(Your objective)
The records that follow must be repeated exactly, minus the images.

%%

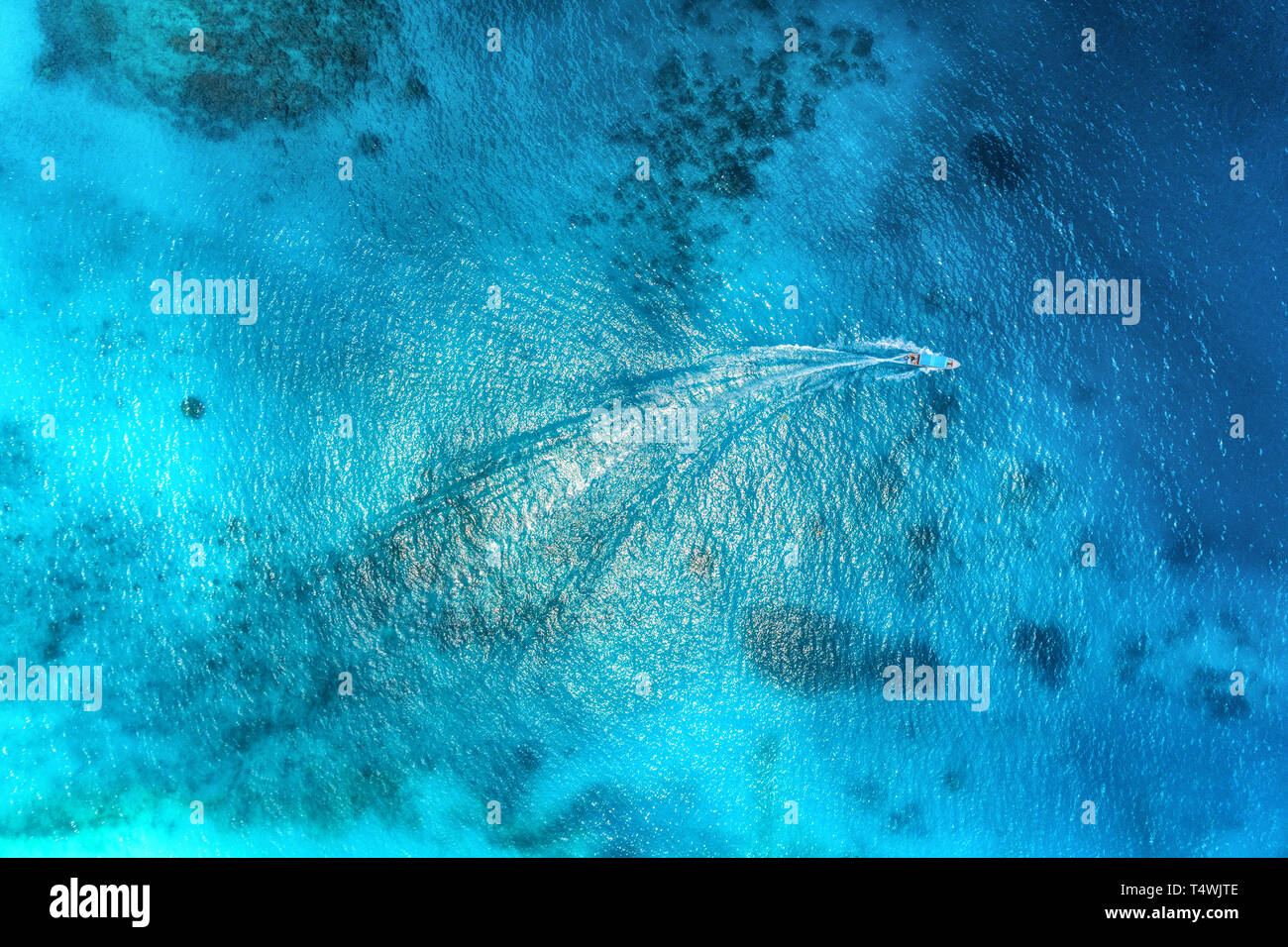 Aerial view of the fishing boat in clear blue water at sunset in summer ...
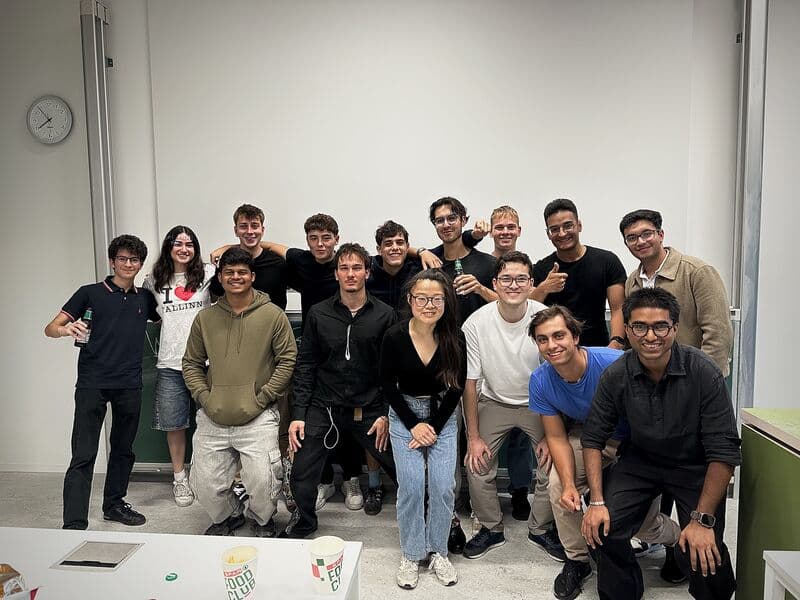 Students gathered for a group photo after the Kickoff pizza and pitch evening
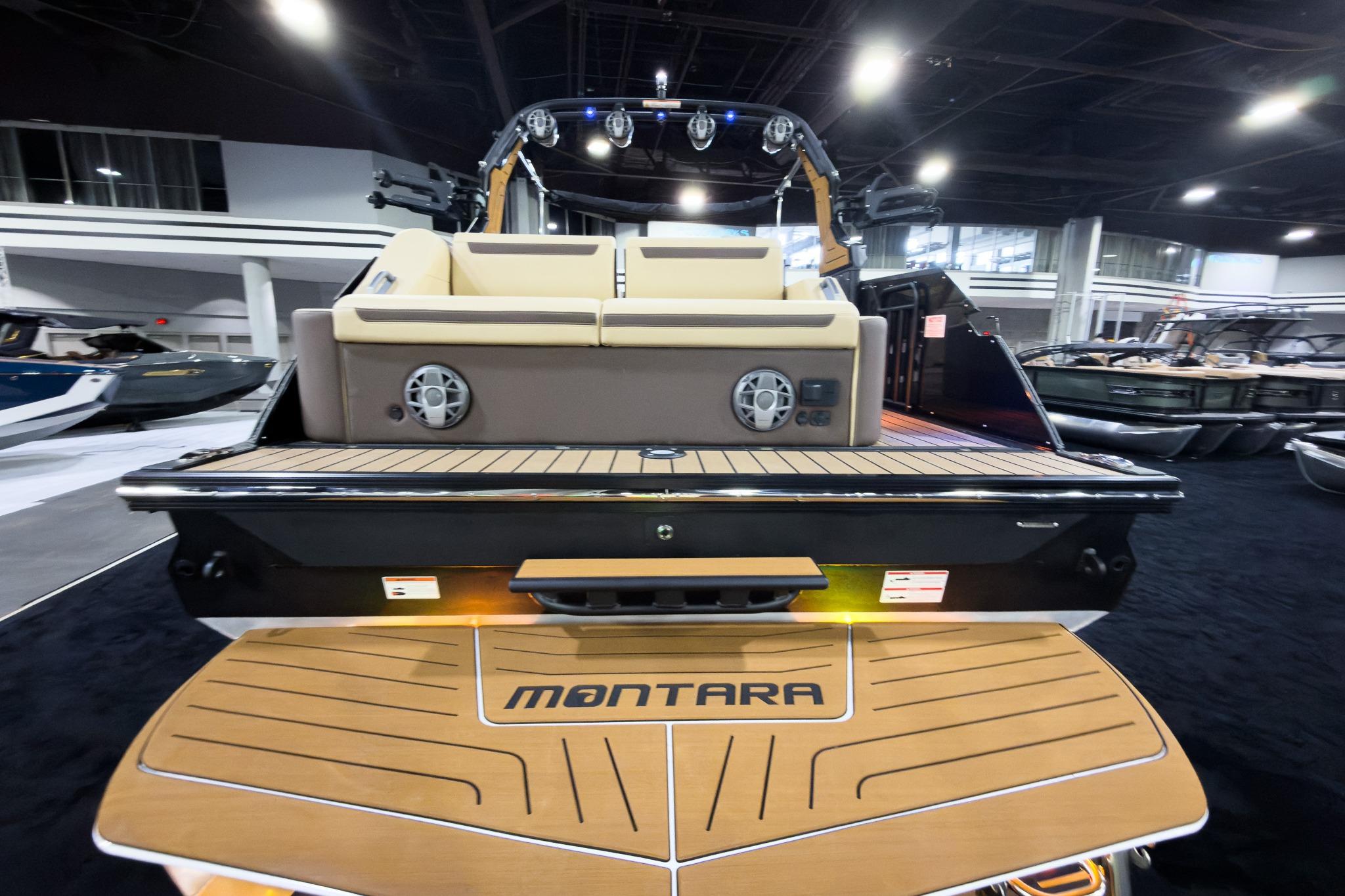 2026 Montara Surf Boss EVO SLDH 25' boat, rear view with seating and speakers.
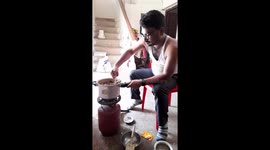 Indian young  boys cooking meat  in home with presser cooker .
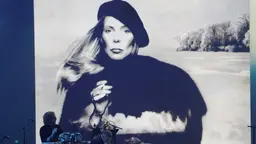 Sångerskan och låtskrivaren Joni Mitchell hyllas i Las Vegas 2022. Bakom musikerna på scenen syns hon på omslaget till sitt album "Hejira" från 1976.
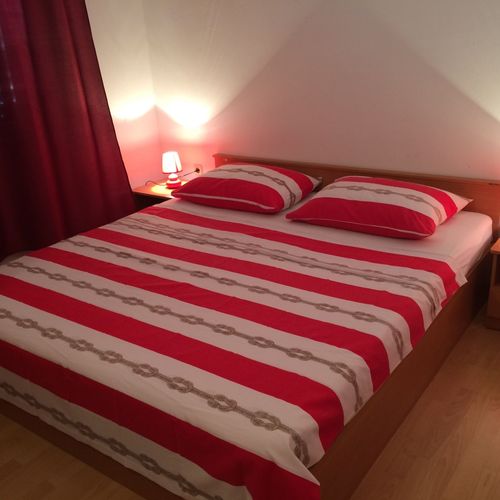 Apartament 4-osobowy na parterze z tarasem z 2 pomieszczeniami sypialnianymi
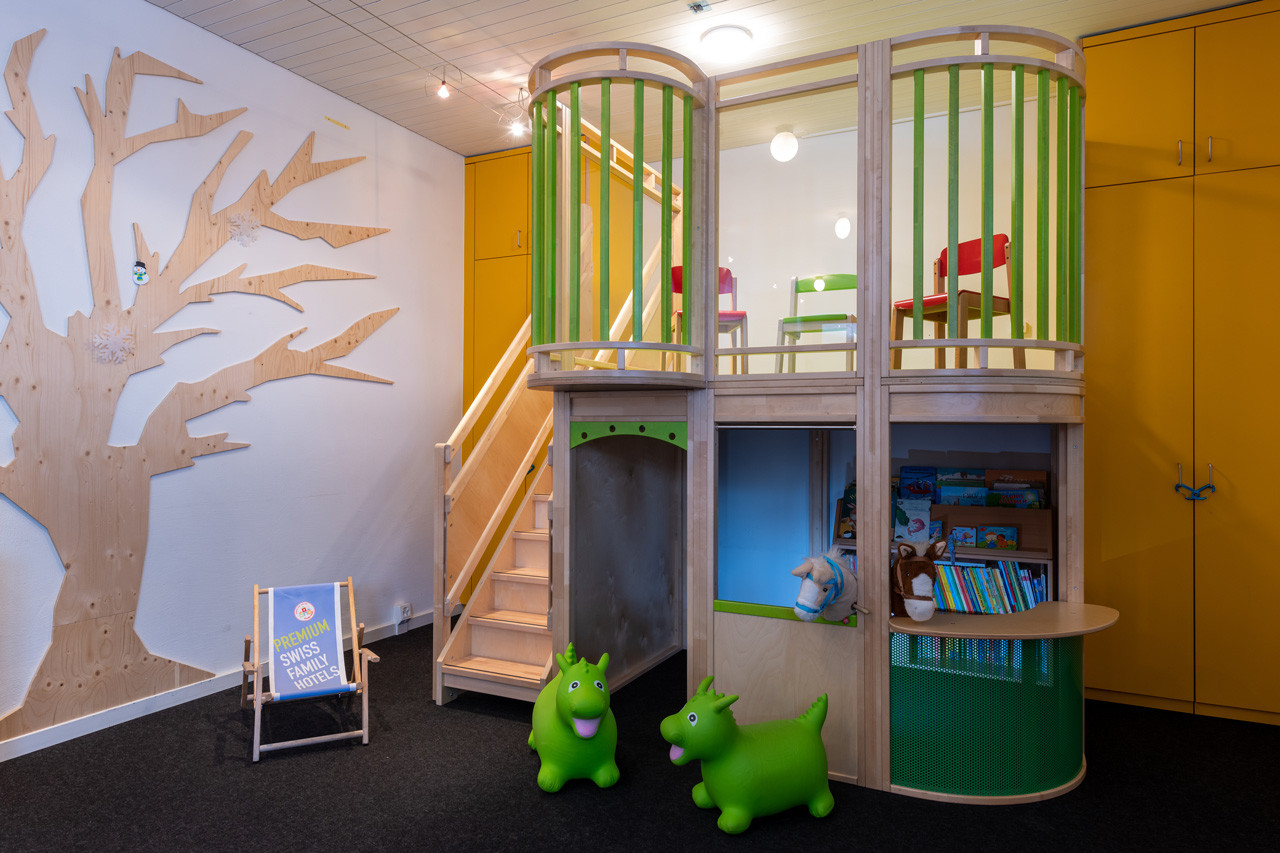 Spielzimmer mit Holzpodest, kleiner Treppe, bunten Kinderstühlen, zwei grünen Hüpfspielzeugen und einer Bücher- und Spielecke.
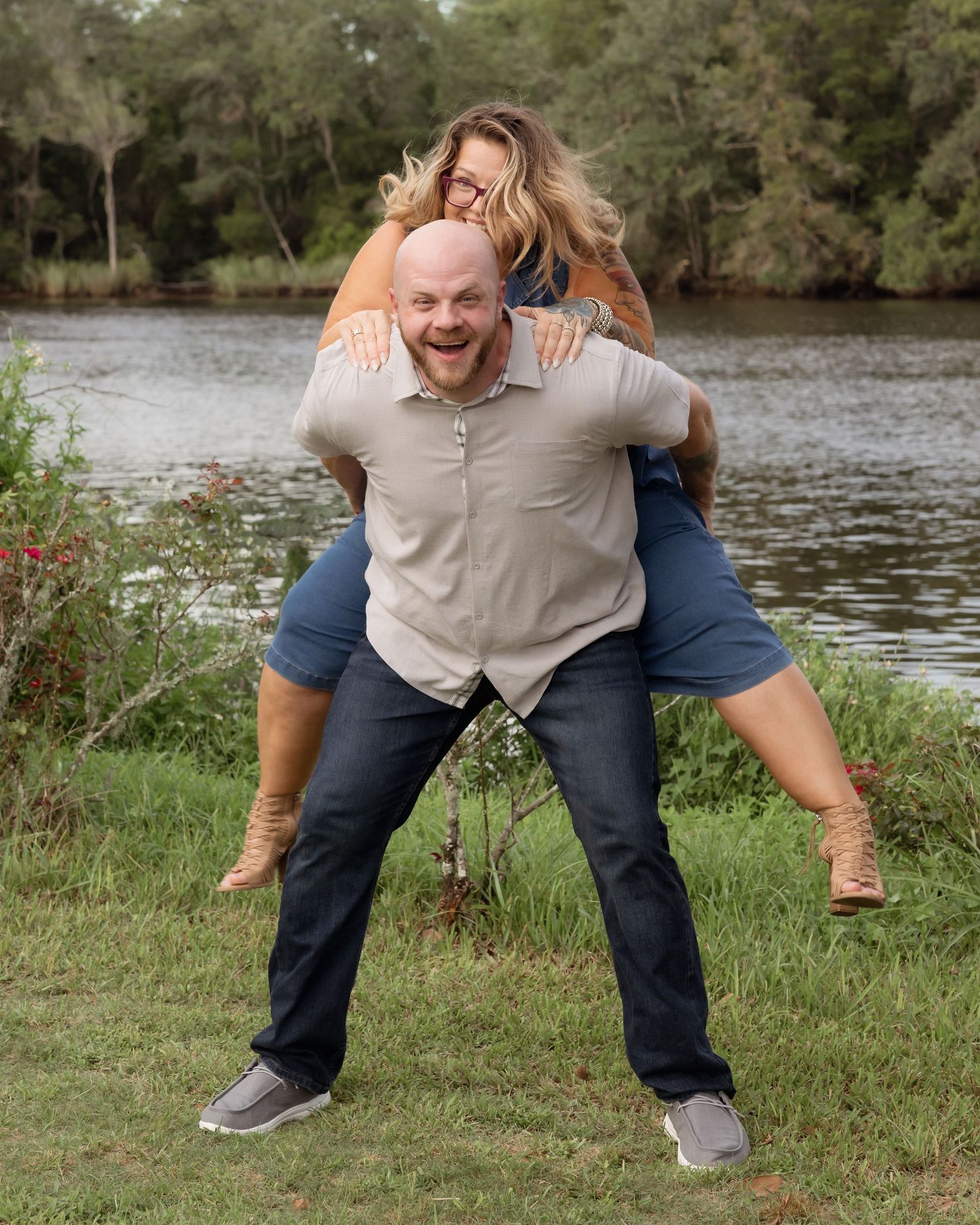 A bald man gives a laughing blonde woman a piggyback ride near a scenic river outdoors.
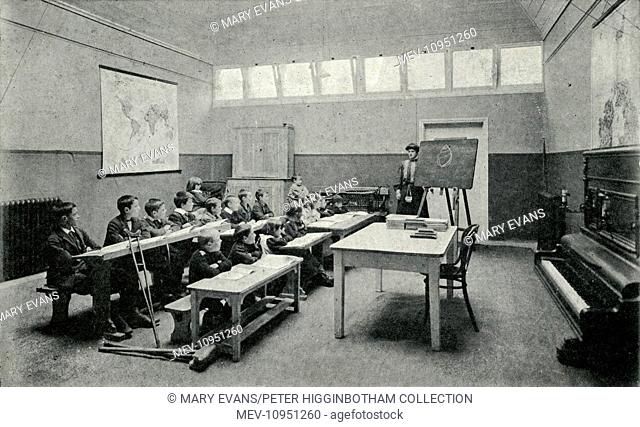 Lord Mayor Treloar Cripples' Home, Alton, Hampshire. In winter, lessons were conducted indoors. This classroom has a female teacher next to a blackboard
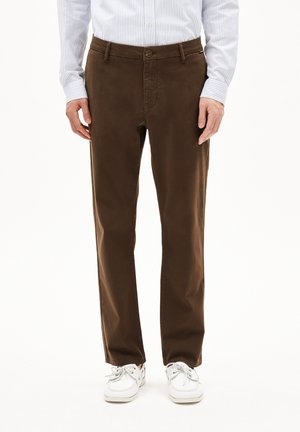 Bruine katoenen broek met een rechte pasvorm, riemlussen, voorzakken en een knoopsluiting, gecombineerd met witte schoenen.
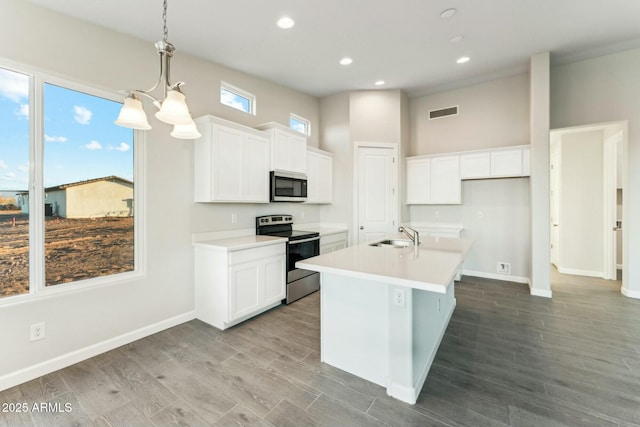 kitchen with a center island with sink, visible vents, appliances with stainless steel finishes, white cabinetry, and a sink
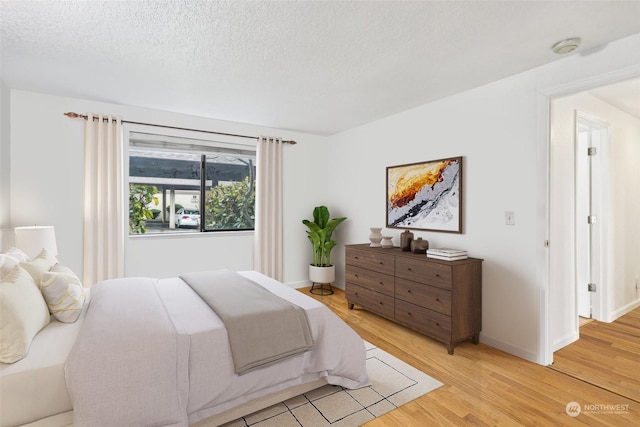 bedroom with light hardwood / wood-style floors and a textured ceiling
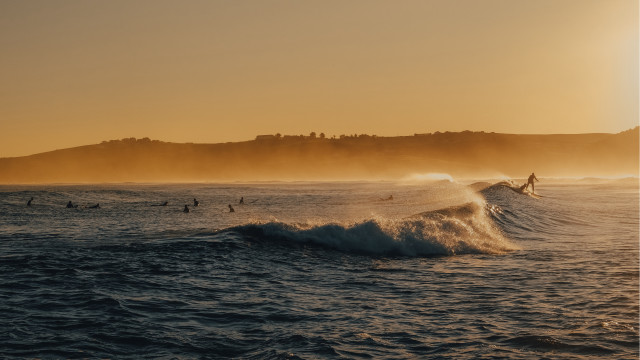 Surfing group wave ocean sunset free wallpaper for desktop - medium preview image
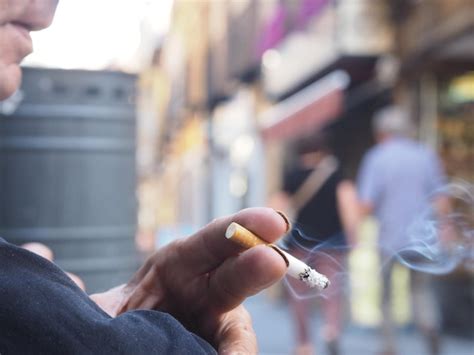 Imagem recortada de mão de homem segurando um cigarro Foto Premium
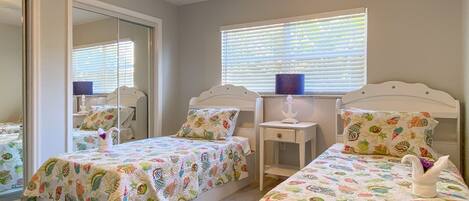 A bedroom with two single beds, a ceiling fan, a window with blinds, and a mirror.
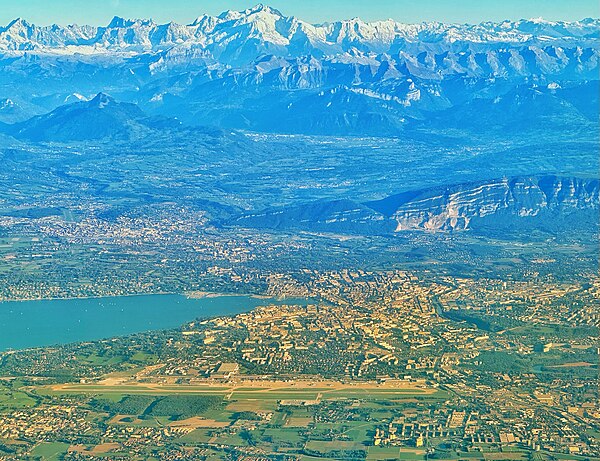 The Geneva area seen from above the Jura mountain chain, with the International airport in the foreground, and the Mont Blanc mountain range in the ba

%%

(Output for this task)
 Aerial view of the fishing boat in clear blue water at sunset in summer ...
 Students gathered for a group photo after the Kickoff pizza and pitch evening
 2026 Montara Surf Boss EVO SLDH 25' boat, rear view with seating and speakers.
 Indian young  boys cooking meat  in home with presser cooker .
 Sångerskan och låtskrivaren Joni Mitchell hyllas i Las Vegas 2022. Bakom musikerna på scenen syns hon på omslaget till sitt album "Hejira" från 1976.
 Apartament 4-osobowy na parterze z tarasem z 2 pomieszczeniami sypialnianymi
 Spielzimmer mit Holzpodest, kleiner Treppe, bunten Kinderstühlen, zwei grünen Hüpfspielzeugen und einer Bücher- und Spielecke.
 A bald man gives a laughing blonde woman a piggyback ride near a scenic river outdoors.
 Lord Mayor Treloar Cripples' Home, Alton, Hampshire. In winter, lessons were conducted indoors. This classroom has a female teacher next to a blackboard
 Bruine katoenen broek met een rechte pasvorm, riemlussen, voorzakken en een knoopsluiting, gecombineerd met witte schoenen.
 kitchen with a center island with sink, visible vents, appliances with stainless steel finishes, white cabinetry, and a sink
 bedroom with light hardwood / wood-style floors and a textured ceiling
 Surfing group wave ocean sunset free wallpaper for desktop - medium preview image
 Imagem recortada de mão de homem segurando um cigarro Foto Premium
 A bedroom with two single beds, a ceiling fan, a window with blinds, and a mirror.
 The Geneva area seen from above the Jura mountain chain, with the International airport in the foreground, and the Mont Blanc mountain range in the ba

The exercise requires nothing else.